The Cape Town Museum of Childhood in partnership with the Centre for Early Childhood Development, made a statement outside the Company’s Garden on Thursday November 21, using news posters with headlines describing violence against children.
The statement was part of Infecting the City, a public art festival which took place all over the city last week.
Organisations from across the city, including early childhood development and community representatives, stood along Wale Street with news posters collected from poles in the streets.
Some of the posters read: “Bontas worst child rape”; Toddler rescued from tikhuis”; and “Scum shoot 9 month baby”.
Chanel Fredericks, the outreach programme manager at The Cape Town Museum of Childhood, said the collection of posters was to put the problem in peoples’ faces and urge them to think about what they can do to create a safe environment for the children of South Africa.
She said her colleague, Sarah Atmore, from Rondebosch, had collected the posters since December last year, and they decided to use the posters for the demonstration. Ms Atmore said while she was driving one day, she saw a poster about an assault of a teen, which stuck with her.
“We see all these posters daily, but we never register what is going on.
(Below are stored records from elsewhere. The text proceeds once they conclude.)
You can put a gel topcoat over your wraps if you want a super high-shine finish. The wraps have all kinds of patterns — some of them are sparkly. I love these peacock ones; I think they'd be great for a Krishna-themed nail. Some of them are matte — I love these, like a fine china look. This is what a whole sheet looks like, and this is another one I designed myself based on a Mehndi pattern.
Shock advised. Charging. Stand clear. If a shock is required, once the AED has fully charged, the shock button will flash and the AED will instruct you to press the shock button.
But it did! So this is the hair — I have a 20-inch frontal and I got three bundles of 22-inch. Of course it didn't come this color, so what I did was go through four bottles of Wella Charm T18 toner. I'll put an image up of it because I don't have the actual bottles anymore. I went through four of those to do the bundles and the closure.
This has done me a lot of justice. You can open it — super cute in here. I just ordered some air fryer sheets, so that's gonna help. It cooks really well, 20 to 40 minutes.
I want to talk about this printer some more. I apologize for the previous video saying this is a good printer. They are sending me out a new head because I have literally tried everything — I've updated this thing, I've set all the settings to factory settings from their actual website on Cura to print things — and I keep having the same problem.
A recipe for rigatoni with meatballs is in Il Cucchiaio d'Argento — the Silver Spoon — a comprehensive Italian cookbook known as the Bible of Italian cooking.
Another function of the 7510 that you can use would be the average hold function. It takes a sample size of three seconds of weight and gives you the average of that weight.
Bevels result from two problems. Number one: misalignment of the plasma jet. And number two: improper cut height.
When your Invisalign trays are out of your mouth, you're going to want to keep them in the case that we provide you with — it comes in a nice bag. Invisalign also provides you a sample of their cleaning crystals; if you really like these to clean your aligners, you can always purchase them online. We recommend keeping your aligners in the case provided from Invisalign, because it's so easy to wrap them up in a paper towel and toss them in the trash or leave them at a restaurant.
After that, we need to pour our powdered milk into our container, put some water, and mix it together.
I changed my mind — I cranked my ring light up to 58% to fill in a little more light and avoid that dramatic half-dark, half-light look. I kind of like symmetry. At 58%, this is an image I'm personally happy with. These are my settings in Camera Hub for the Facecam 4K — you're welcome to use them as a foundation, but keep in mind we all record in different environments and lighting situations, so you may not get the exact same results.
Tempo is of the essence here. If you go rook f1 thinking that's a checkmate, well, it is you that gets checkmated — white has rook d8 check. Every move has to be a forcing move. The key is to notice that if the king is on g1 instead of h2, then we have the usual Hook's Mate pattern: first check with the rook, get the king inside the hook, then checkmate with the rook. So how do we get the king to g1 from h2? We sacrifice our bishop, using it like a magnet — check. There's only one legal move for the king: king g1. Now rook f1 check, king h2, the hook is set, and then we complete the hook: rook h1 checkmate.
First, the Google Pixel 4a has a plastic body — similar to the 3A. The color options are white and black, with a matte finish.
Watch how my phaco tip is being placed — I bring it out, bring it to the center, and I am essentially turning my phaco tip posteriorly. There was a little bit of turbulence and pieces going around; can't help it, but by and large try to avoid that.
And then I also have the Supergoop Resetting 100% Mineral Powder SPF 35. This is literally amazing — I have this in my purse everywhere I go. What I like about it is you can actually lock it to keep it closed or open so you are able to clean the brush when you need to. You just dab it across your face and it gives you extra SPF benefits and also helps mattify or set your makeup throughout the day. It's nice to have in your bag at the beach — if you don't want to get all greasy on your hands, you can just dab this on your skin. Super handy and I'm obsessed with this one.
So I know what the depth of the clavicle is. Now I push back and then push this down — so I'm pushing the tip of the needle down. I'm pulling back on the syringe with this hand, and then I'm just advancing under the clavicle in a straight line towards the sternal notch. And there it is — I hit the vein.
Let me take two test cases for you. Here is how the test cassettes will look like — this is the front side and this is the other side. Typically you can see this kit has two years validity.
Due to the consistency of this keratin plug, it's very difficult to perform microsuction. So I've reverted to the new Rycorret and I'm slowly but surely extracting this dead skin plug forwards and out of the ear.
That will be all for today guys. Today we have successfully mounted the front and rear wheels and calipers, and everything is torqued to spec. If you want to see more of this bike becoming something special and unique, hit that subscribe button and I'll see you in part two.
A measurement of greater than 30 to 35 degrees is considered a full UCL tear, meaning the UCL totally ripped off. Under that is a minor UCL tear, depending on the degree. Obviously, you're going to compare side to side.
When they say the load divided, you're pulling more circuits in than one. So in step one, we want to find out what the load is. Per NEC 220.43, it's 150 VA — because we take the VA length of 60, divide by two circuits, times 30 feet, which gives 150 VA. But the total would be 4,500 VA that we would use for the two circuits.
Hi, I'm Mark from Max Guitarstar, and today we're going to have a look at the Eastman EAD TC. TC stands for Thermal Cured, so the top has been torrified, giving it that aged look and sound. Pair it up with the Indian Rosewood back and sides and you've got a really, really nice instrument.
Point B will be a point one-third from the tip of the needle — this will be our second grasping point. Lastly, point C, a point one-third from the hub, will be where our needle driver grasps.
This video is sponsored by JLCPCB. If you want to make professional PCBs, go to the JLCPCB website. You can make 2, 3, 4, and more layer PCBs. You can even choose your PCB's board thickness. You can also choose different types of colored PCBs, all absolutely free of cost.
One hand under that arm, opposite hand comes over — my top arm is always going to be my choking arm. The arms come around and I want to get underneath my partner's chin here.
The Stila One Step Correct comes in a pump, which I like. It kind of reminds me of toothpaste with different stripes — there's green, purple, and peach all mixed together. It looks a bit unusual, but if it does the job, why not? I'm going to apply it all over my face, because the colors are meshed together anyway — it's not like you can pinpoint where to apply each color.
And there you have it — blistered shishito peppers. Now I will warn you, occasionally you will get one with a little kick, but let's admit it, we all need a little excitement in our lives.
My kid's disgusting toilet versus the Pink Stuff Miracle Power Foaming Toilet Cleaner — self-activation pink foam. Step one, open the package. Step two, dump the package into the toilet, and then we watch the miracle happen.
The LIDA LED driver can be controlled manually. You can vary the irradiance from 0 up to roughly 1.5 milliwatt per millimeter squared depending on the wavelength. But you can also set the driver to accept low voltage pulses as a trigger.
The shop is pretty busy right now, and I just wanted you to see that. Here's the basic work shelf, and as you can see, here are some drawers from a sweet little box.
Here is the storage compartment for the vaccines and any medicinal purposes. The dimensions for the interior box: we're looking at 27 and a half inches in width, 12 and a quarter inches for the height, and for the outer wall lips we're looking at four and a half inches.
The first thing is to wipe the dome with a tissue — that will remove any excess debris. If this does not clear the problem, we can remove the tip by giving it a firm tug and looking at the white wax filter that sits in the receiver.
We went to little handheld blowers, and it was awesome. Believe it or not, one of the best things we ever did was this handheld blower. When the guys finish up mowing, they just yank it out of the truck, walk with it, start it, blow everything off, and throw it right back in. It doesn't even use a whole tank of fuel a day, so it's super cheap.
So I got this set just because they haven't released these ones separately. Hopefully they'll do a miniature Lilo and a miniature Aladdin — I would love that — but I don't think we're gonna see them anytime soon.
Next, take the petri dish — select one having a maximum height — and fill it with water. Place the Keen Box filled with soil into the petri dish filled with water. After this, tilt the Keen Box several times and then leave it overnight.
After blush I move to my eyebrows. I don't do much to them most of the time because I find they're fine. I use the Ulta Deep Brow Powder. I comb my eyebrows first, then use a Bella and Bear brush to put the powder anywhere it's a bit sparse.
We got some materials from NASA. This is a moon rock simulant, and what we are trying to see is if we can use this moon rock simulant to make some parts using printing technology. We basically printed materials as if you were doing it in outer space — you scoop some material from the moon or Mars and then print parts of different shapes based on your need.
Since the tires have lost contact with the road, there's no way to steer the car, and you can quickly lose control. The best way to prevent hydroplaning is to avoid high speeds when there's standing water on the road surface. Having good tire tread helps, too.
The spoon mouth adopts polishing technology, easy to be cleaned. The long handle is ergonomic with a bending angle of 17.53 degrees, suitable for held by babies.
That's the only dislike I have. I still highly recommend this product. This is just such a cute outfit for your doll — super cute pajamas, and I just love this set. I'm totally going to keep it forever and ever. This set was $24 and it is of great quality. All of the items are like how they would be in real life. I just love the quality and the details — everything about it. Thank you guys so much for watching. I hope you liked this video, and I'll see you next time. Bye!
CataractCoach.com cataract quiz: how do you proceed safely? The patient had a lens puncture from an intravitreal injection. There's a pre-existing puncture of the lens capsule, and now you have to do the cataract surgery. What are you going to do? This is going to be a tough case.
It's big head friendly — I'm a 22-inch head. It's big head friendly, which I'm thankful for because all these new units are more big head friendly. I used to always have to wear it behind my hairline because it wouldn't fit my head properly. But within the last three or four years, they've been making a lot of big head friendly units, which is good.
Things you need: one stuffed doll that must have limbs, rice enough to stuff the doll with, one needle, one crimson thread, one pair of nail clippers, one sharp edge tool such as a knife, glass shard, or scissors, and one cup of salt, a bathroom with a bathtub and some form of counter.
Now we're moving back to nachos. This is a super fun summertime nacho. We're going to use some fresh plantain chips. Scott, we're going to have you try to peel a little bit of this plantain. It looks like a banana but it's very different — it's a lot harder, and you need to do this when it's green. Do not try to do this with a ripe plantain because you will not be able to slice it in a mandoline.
So I decided to jump out of the car and grab it, and I’ve been doing it ever since”
She said the intention was to put all the posters together and create a big exhibition to make people think about the trauma that children face daily, and also think of what needs to be done to change the situation.
She said up to now, she had collected over 150 posters, “and this is just a drop in the ocean of what goes on everyday”.
The director of the Centre for Early Childhood Development, Professor Eric Atmore, said they aimed to highlight what goes on in communities because after people drive away from the poster, they forget about it and have little time to reflect.
“This is to say that we must protect our young children and ensure their futures.”
He said the centre will launch an ongoing campaign to “eradicate” violence against children.
Mouroodah Theunissen from Bonteheuwel came out to support the cause.
“We are here for the sake of our children and women, so that they can be protected and safe. We believe we should do more of these demonstrations in our communities, to show people we are serious about this,” she said.